Con El acompañante Pavel Giroud continúa indagando, más bien hurgando, en los vericuetos psicosociales de sujetos al margen, inadaptados y descolocados; algo ya emprendido en sus cintas previas La edad de la peseta y sobre todo Omertá, a lo cual se suma su marcada preferencia por el pasado.

Luego de transitar respectivamente los cincuenta y los sesenta avanza en su barrido epocal hasta los ochenta para diseccionar las primeras estrategias gubernamentales de contención ante el arribo del VIH/Sida a la isla, como mácula terrorífica sobre la lechada de cal de la utopía. Sobre este contexto desarrolla la amistad entre dos personajes: el portador Daniel (Armando Miguel) y el boxeador castigado Horacio (Yotuel Romero), quienes desde sus senderos vitales muy diferentes, y por razones igualmente diversas, terminan confluyendo en el “célebre” y militarizado sanatorio de Los Cocos. Daniel, hijo de alto oficial acomodado, se contagia durante la guerra de Angola; Horacio, campeón internacional de boxeo, sucumbe al dopaje y termina de “acompañante-celador” del primero.

Otro elemento interesante delata el conflicto de Daniel y de todos sus vecinos de enclaustramiento, heterosexuales todos; y es que la cinta enfatiza las particularidades del fenómeno en Cuba, donde un alto por ciento de los contagiados iniciales no se adscribían a las preferencias homosexuales, como sucedió en los Estados Unidos. Cuba, años ochenta, sida y masculinidades se entretejen en la urdimbre del panorámico telón de fondo de esta amistad protagónica.

El énfasis que El acompañante pone en el (re)conocimiento, diálogo y final amistad entre estos dos marginados, conduce a la cinta por los caminos del buddy film (al igual que la más quijotesca Omertá). Asistimos al decursar de dos vidas relegadas por azares adversos, sin que logren imbricarse en un tinglado sólido, que cante a la aceptación del otro, a la amistad, la solidaridad, la integridad y la justeza.

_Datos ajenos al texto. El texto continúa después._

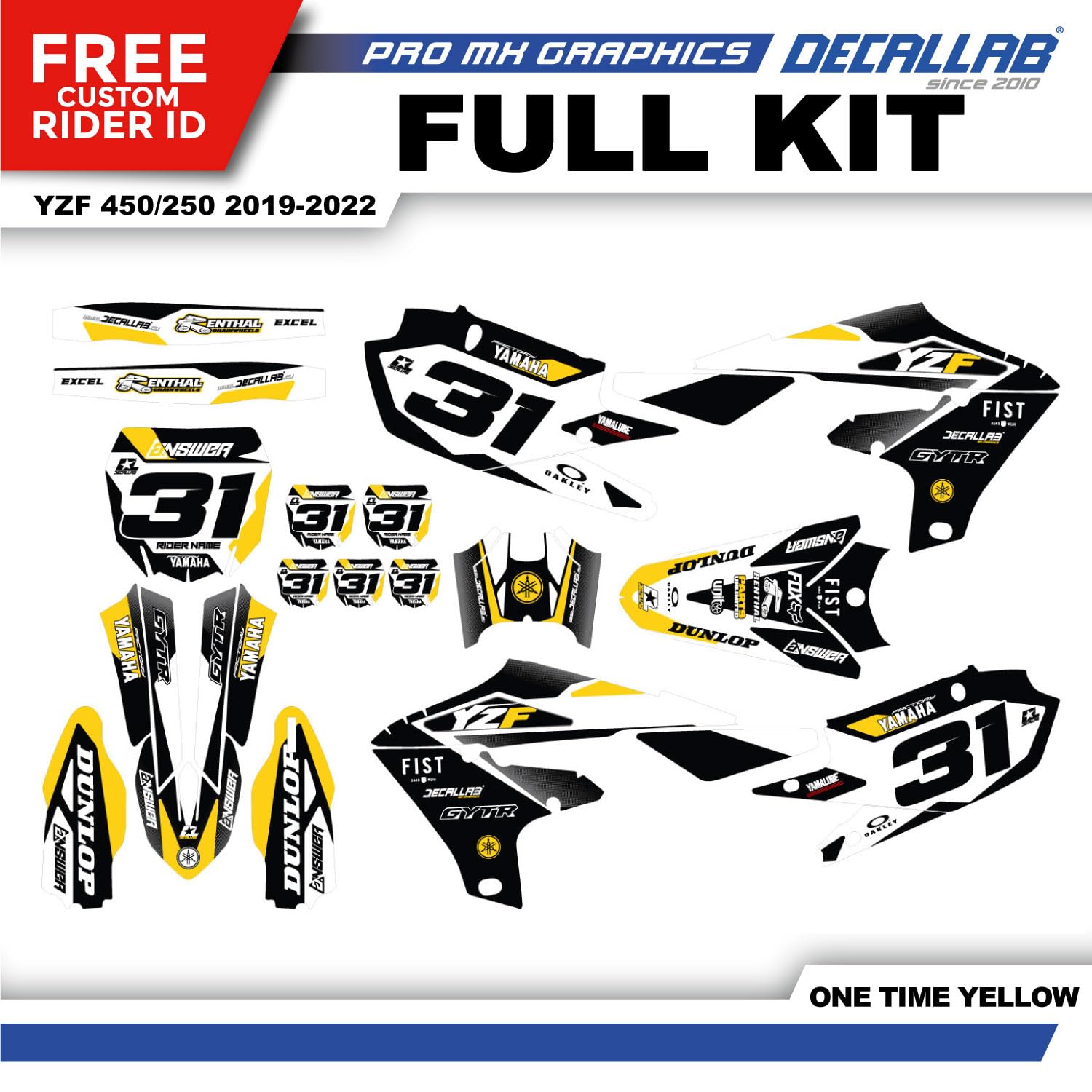 Customizable Personalized Motocross Full Graphics Kit, Complete Professional Dirt Bike Racing Decal Sticker Set for Yamaha YZ250F YZ450F YZF250 YZF450 2018 2019 2020 (Yellow)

Más que por el ensañamiento que sufre el poeta homosexual Andrés —casi proscrito, etiquetado como “gusano” y contrarrevolucionario— a manos y botas de los “representantes del pueblo cubano” que lo presionan para revelar su novela secreta, esta climática escena de Santa y Andrés (Carlos Lechuga, 2016) resulta momento notable, y sin dudas conmovedor, por cómo este une su temblorosa voz a sus ofensores cuando entonan el Himno Nacional al inicio del mitin relámpago de “reafirmación y repudio” a tal “escoria”. Despojado yace de toda propiedad, segregado en las estribaciones serranas orientales a una vida de ermitaño bajo obligado voto de silencio.

Por un breve momento, cubanos irrevocablemente antagónicos —víctimas unos por pensar autónomamente, empoderados otros por la militancia intransigente en el statu quo— comulgan en un único símbolo patriótico, nacionalista, trascendente respecto a cualquier coyuntura sociopolítica. Un símbolo como el Himno de Bayamo, que remonta las diferencias “con todos y para el bien de todos”. Por un instante doloroso y agrio como el vino nuestro, la utopía martiana refulge, así como sucumbe ante los huevos lanzados, deporte político nacional en los inicios de los ochenta, y a la postre, símbolo triste de la intolerancia.

Es el segundo largometraje de Lechuga un filme de aires nacionalistas, que brega por el entendimiento entre los cubanos, allende las divergencias coyunturales, prejuiciosas y sobre todo oportunistas. Y como resorte discursivo, vuelve a apelar a la relación aparentemente dispar, contrastante, entre dos sujetos diferenciados por la dualidad de contextos que habitan. La mujer campesina Santa (Lola Amores) dialoga con el poeta e intelectual gay Andrés (Eduardo Martínez), satanizado por el poder en 1983 por el magno crimen de pensar y ser diferente a lo normado.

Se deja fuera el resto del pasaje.